Adults used to think I had a “strange” relationship with food! 🙂 I thought WHAT could possibly be bad with all world cuisines getting along? I used to think about food like being in one big happy food sand box and everybody “playing merrily” together “thinking”…WHAT could possibly be better? 🙂
I have always wanted to make Prawn Toast and Croissants at home. Why haven’t I to date? I have no clue! But when I saw Marion Grasby’s Prawn and Black Sesame Toast in the November 2010 issue of Masterchef Magazine and Too Easy Croissants posted at Food.com* http://www.food.com/recipe/too-easy-croissants-72309 **, BOTH recipes “inspired” me; hence, BOTH have been “on the list” for a while. 😉 Today, I chose to introduce them to each other.
Anyone who has ever met Marion would know she has a tremendous “passion” for food, has a smile that “illuminates” any room and continues to inspire people via Marion’s Kitchen http://marionskitchen.com.au/ with “quick and easy” Asia Express recipes, not to mention Marion’s Kitchen Food Range. http://marionskitchen.com.au/food-range/
Anyone who knows me, “knows” I love “to create”, love to cook and enjoy adapting recipes “with a twist” suiting my food chameleon personality! 🙂
I made “sure” to “clip and snip” and “preserve” the recipe too!
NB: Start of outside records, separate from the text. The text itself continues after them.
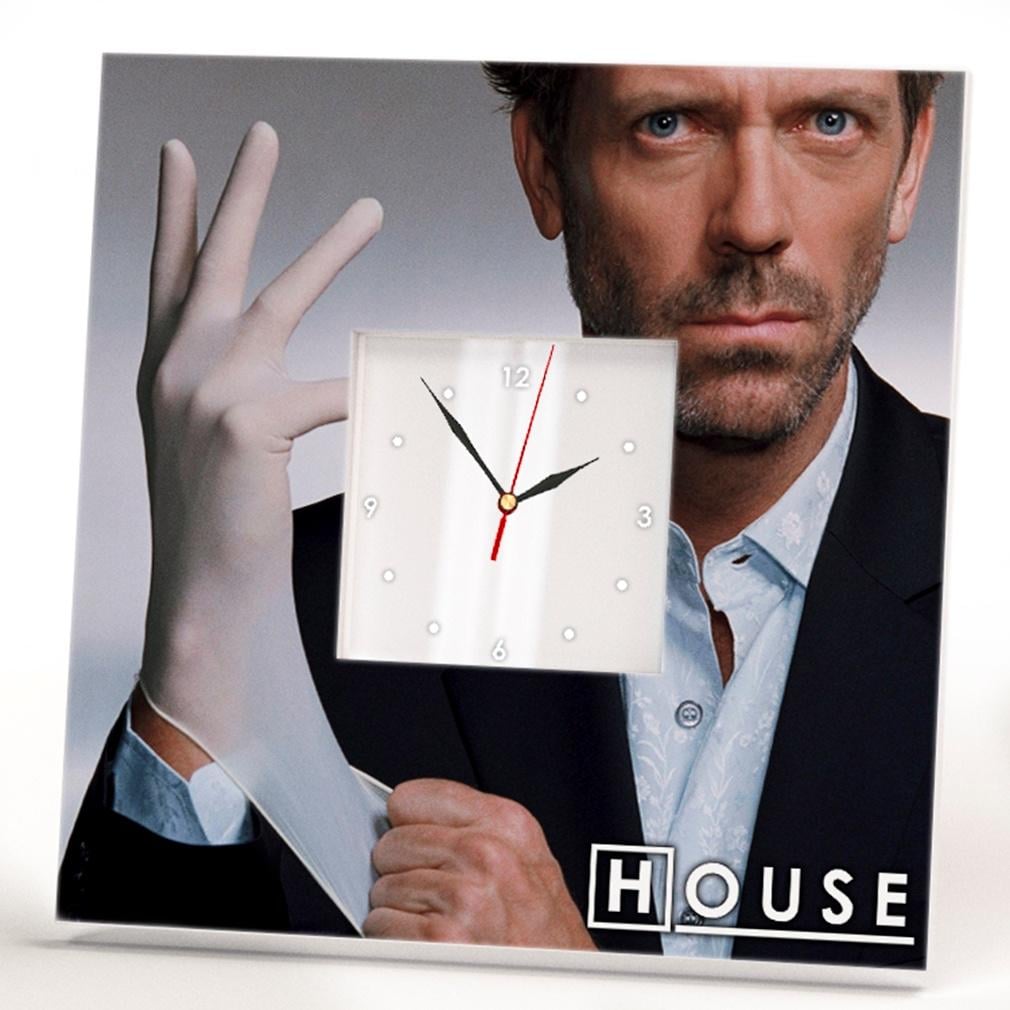 Часы "Сериал Доктор Хаус" 260x260 мм (C00982) Часы "Сериал Доктор Хаус" 260x260 мм (C00982)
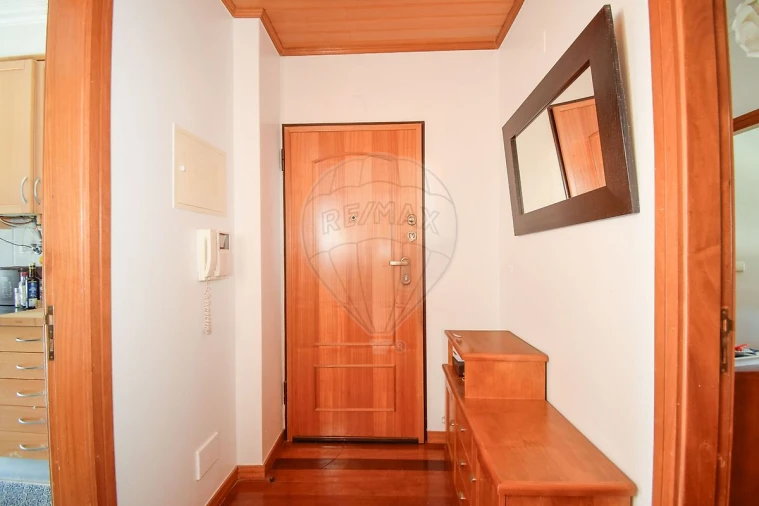 Apartamento T3 para Venda em São Domingos de Rana Foto 27
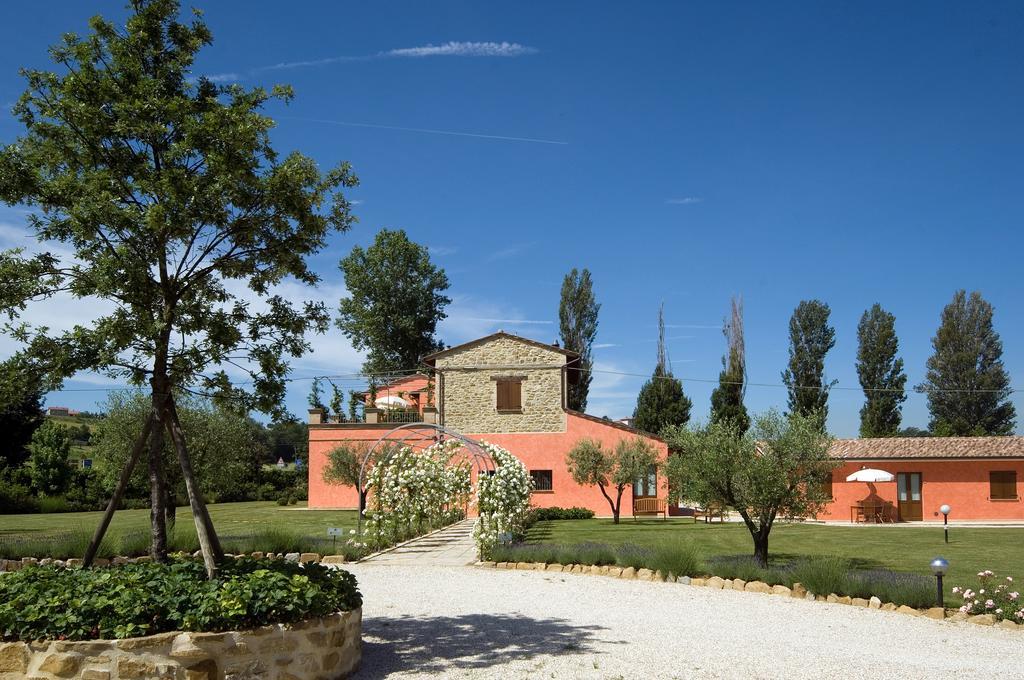 Agriturismo Casale Le Selvette Ripa Luaran gambar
Vive la France Prawn Croissant was “very slightly” adapted from Marion’s printed recipe.
500 grams prawns, peeled and deveined
1/2 cup coriander, chopped
1 clove garlic, minced
1/4 teaspoon white pepper
1 teaspoon fish sauce
1/4 teaspoon sesame oil
homemade mini croissants, split in half
1/2 cup kalonji (see follow up note at end)
oil for deep frying
1/4 cup Xylitol (original recipe calls for sugar)
1/4 cup water
1/4 cup white vinegar
2 tablespoons coriander, finely chopped
1 red chilli, de-seeded and finely chopped
For the dipping sauce:
In a saucepan, heat sugar, water, vinegar until sugar dissolves; Set aside to cool; Stir in coriander and chilli.
In a food processor, blend prawns, coriander, garlic, pepper, fish sauce, sesame oil and egg white to a thick paste.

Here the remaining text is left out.